Appropriate pathology reporting is an important aspect of cancer care. Shuch et al. reported that tumor classification was omitted in 28% of pathology reports, which may interfere with the selection of systemic therapy and enrollment into adjuvant clinical trials (33). Various terminologies have been and are being used, such as sarcomatoid differentiation, dedifferentiation (28), component, features, and progression. With the progress of our understanding of the molecular/genetic mechanisms driving sarcomatoid RCC, some of these rather popular terms as “differentiation” may be obsolete and even misleading. The inconsistency may cause confusion to the clinician. Since the sarcomatoid carcinoma represents a high-grade tumor, its presence warrants a separate diagnosis with an estimate of the proportion of sarcomatoid component and RCC, similar to the reporting system of diffuse large B cell lymphoma transformation of follicular lymphoma. The diffuse large cell lymphoma and any co-existing follicular lymphoma component are reported separately with their grades and percentages (34, 35).

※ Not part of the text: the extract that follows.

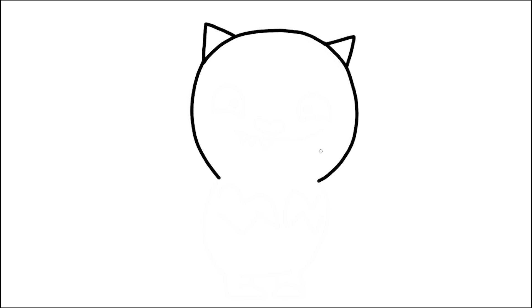If you want, you can do a full circle and then put the triangles on. But this is a way you can do it if you're not very confident in your circles or not very good at drawing whole circles just yet.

For the above reasons, the reporting of sarcomatoid RCC by pathologists can be slightly modified. Reporting each component separately can reflect the fact that the two components diverge at a stem cell level and facilitate their filing in and retrieval from data bases.
The pathology report for sarcomatoid RCC can read (1) RCC (subtypes, Fuhrman grade, and percentage) and (2) sarcomatoid carcinoma (subtypes, Fuhrman grade IV, and percentage).

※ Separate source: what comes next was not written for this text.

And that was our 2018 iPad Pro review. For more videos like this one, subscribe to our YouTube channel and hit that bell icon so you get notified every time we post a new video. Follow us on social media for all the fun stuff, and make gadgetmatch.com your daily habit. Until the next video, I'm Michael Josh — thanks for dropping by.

We believe that enforcing the reporting in this way reflects the molecular pathogenesis of sarcomatoid RCC and renders reporting of the features and percentage of the sarcomatoid RCC more uniform by pathologists. We hope that reporting the two components separately may also encourage separate molecular studies and search for targeted therapies for either or both components.
This review highlights that the sarcomatoid component originates from the transformation of the pre-existing RCC, and TP53 gene seems to play a pivotal role in this process. Since the presence of a sarcomatoid component is closely associated with outcome, thorough gross and histological examination is critical. The presence and quantity of sarcomatoid component are important for patient management and, therefore, should be reflected in the pathology report.
The authors declare no potential conflicts of interest with respect to research, authorship, and/or publication of this article.